E’ presto per esprimere un’opinione definitiva sugli effetti della decisione referendaria di abbandonare l’Unione Europea. Per almeno tre buoni motivi.
Il primo è che sul piano effettivo l’uscita comincerà ad esserci solo dall’apertura del negoziato, previsto da Londra a marzo del prossimo anno, o più realisticamente solo al termine dello stesso.
Il secondo è che troppe sono le variabili indipendenti in gioco, a carattere politico, strategico ed economico: come evolveranno negli anni che trascorrono da ora al termine del negoziato di uscita nessuno può seriamente dirlo.
Il terzo è che al termine “uscita” si danno le più distanti interpretazioni. Si dice in genere che l’establishment britannico stia riflettendo su due modelli di uscita alternativi, definibili brevemente “morbido” e “duro”. Il primo fu praticato dalla Norvegia, al ripetuto rifiuto referendario dei suoi cittadini di procedere a braccetto degli altri scandinavi e nordici nell’Unione Europea, e in qualche modo dalla Svizzera. Esiste nel vecchio continente, tra le tante istituzioni che danno collante al concetto d’Europa lo “Spazio economico europeo” che consente a stati non membri ma con atteggiamento amichevole verso l’Unione (il caso della Norvegia) di essere parte del mercato comune e trarre vantaggi dalla libertà di scambio e movimento da questo realizzato, pur pagando all’Unione un prezzo salato in termini finanziari. A sentire il primo ministro britannico Theresa May, il Regno Unito intende perseguire l’altro modello, quello del taglio netto e del ripiegamento nazionalistico dentro i propri confini. Uscita dura e pura, dunque, sia!
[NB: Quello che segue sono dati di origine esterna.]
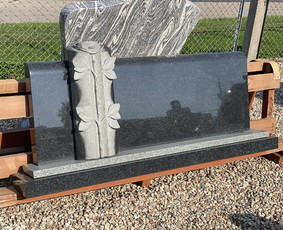 Paminklai, kapų tvarkymas geriausiomis kainomis / Akmens Galerija / Darbų pavyzdys ID 4163432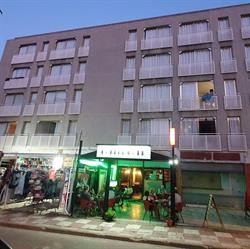 Horario de apertura Coffee Gold, Calella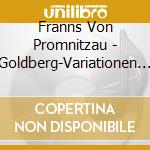 Franns Von Promnitzau - Goldberg-Variationen (Orgel) cd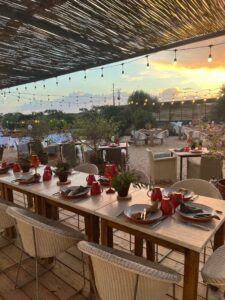 hotel Relais&Chateau no Alentejo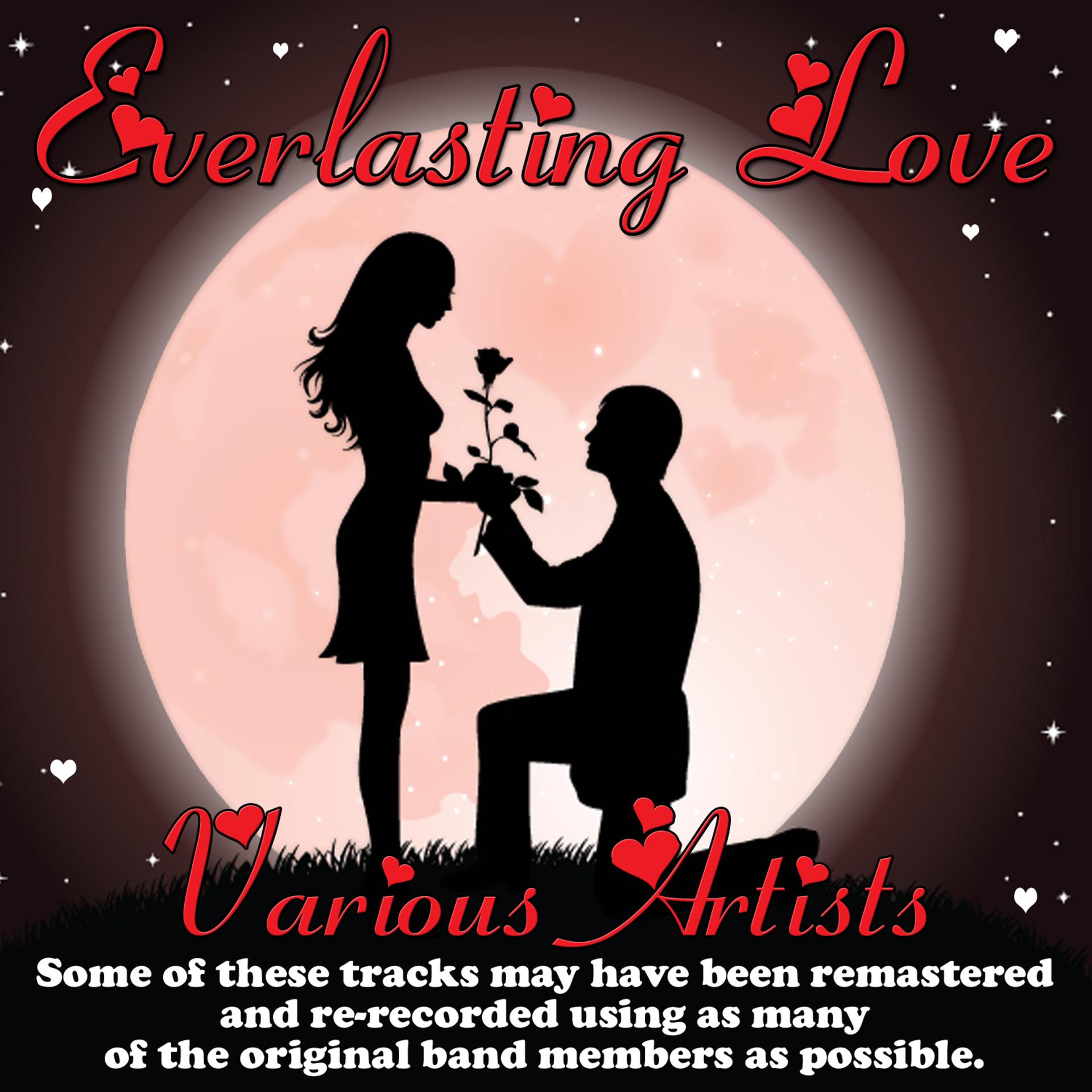 Постер альбома Everlasting Love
Non sarà facile per lady May pilotare Britannia così fuori dalle acque dell’Unione Europea, a meno che non voglia passare alla storia come colei che disunì il Regno Unito. In politica ad ogni azione, corrisponde un’azione eguale e contraria. In questo caso: dura Londra, altrettanto e ancor più dure Bruxelles e le altre capitali, in un sulfureo quanto antistorico gioco al rialzo di durezze reciproche che nulla ha a che vedere con la vicenda europea dal dopoguerra ad oggi, puntata ad abbattere steccati e divisioni non a crearne di nuovi. Quanto dichiarato dal presidente francese François Hollande al recente Consiglio Europeo non fa certo sconti sul prevedibile conflittuale scenario. Che il neo-nazionalismo britannico e l’ideologia (sostanzialmente razzista) dell’exceptionalism anglosassone possano prevalere nel Regno Unito, tuttavia, sorprenderebbe alquanto. Nel governo ci sono posizioni non allineate. Per non dire del partito Conservatore, la cui politica sull’Europa, neppure con Margaret Thatcher era mai stata tanto oltranzista.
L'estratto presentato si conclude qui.